### EXERCISE DIRECTIONS
Keep only the lines of the material below that contain the word "family". Copy those lines.
┌──
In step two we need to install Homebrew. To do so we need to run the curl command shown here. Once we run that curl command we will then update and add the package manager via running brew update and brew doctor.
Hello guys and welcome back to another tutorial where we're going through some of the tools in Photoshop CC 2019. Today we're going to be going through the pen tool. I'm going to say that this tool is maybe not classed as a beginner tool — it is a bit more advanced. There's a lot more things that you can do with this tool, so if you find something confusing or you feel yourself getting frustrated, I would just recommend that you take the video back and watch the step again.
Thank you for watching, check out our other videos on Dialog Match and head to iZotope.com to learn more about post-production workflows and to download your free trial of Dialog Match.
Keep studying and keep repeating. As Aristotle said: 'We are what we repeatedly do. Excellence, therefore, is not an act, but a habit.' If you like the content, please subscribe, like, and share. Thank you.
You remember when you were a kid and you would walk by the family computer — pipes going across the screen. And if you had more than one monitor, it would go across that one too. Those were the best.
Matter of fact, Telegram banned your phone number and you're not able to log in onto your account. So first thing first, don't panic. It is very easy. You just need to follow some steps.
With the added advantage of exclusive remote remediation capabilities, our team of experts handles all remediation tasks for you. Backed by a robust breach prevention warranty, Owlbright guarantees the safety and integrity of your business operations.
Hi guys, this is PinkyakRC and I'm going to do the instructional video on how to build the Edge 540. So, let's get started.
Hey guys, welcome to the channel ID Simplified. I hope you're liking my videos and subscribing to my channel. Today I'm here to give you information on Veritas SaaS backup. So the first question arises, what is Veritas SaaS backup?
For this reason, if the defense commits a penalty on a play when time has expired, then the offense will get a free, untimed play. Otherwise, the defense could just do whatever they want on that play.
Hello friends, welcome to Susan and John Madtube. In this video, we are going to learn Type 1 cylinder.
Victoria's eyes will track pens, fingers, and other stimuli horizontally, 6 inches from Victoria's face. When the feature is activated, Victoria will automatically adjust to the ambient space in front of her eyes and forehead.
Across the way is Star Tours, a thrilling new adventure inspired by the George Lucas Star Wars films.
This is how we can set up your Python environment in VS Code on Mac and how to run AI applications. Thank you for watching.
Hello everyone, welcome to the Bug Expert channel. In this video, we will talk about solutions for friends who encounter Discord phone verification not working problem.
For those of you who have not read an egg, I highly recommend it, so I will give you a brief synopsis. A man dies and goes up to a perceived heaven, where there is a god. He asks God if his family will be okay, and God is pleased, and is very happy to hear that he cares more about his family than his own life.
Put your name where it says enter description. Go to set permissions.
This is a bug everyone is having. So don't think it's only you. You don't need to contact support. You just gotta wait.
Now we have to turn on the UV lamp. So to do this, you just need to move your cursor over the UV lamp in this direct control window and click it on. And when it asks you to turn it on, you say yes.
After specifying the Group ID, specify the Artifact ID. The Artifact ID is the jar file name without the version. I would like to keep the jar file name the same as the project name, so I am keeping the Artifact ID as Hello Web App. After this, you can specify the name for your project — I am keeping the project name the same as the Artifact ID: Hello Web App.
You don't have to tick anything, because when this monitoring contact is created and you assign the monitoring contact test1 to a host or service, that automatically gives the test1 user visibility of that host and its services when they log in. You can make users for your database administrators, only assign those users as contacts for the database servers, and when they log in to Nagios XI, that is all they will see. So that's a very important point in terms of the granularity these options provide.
└──
### FINISHED TASK
You remember when you were a kid and you would walk by the family computer — pipes going across the screen. And if you had more than one monitor, it would go across that one too. Those were the best.
For those of you who have not read an egg, I highly recommend it, so I will give you a brief synopsis. A man dies and goes up to a perceived heaven, where there is a god. He asks God if his family will be okay, and God is pleased, and is very happy to hear that he cares more about his family than his own life.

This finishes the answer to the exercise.